Development of new adaptation and mitigation guidelines to assist coastal managers
Exposure to natural marine-related hazards is expected to increase due both to growth in population density in low-lying coastal areas and the effects of global climate change. Experience over recent years of the impacts of coastal hazards, in developed and developing countries alike, has shown that inadequate preparation for, and response to, emergency situations have contributed to widespread damage and the avoidable loss of lives and livelihoods. In many cases, they have reflected inadequate awareness, planning and coordination on the part of national and local authorities and agencies.
In this context, UNESCO’s Intergovernmental Oceanographic Commission has established a new Technical Expert Group composed of natural and social scientists, coastal engineers, coastal zone managers, to start working on the preparation of a set of international guidelines on best practices related to the formulation of climate change. The meeting will take place at UNESCO headquarters on 8-9 December.

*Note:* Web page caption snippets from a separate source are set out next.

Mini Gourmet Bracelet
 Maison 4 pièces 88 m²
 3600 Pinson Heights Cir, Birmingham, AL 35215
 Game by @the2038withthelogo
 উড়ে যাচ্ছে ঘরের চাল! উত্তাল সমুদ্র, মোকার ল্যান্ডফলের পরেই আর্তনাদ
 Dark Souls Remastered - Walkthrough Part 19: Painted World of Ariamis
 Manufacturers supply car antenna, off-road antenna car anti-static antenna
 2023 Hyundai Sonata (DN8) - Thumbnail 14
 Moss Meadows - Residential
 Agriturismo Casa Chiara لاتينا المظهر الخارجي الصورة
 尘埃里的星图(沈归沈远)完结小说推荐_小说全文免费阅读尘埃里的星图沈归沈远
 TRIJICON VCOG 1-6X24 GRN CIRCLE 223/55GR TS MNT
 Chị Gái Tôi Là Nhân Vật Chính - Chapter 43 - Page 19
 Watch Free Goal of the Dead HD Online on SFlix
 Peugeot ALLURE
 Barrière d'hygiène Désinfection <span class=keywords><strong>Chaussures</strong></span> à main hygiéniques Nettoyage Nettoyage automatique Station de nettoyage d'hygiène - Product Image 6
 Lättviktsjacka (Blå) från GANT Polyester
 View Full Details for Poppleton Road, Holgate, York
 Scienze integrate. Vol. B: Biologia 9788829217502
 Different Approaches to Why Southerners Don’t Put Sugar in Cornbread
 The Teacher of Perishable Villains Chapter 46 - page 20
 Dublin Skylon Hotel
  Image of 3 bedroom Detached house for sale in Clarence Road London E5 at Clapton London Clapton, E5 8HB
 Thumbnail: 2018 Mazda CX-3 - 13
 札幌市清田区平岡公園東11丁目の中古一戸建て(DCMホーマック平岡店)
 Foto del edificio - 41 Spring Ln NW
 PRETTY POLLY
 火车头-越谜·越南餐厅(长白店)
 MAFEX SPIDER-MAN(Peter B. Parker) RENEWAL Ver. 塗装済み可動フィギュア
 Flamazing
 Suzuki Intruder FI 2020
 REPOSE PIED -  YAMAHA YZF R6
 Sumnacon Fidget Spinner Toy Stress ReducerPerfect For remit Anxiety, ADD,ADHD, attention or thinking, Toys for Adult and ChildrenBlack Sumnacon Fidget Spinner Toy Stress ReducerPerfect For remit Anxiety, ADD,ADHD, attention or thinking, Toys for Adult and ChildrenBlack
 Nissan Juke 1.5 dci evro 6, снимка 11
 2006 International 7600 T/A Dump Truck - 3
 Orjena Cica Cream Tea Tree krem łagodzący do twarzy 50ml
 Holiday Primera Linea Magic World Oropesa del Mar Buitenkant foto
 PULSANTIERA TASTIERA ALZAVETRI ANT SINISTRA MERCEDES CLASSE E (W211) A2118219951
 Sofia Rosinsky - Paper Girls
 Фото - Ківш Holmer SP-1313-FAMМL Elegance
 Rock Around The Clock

The Group is co-sponsored by the Government of Korea and the World Meteorological Organization (WMO). It will build on the work of the IOC Programme on Integrated Coastal Area Management (ICAM), and the guidebook published in 2009 on Hazard Awareness and Risk Mitigation through the Integrated Coastal Area Management (IOC Manual and Guide No 50) which have been prepared for use by national and local governments. During the two-day meeting, experts should reach a consensus on the scope, structure, format and outline of the guidelines that IOC will develop in the coming months.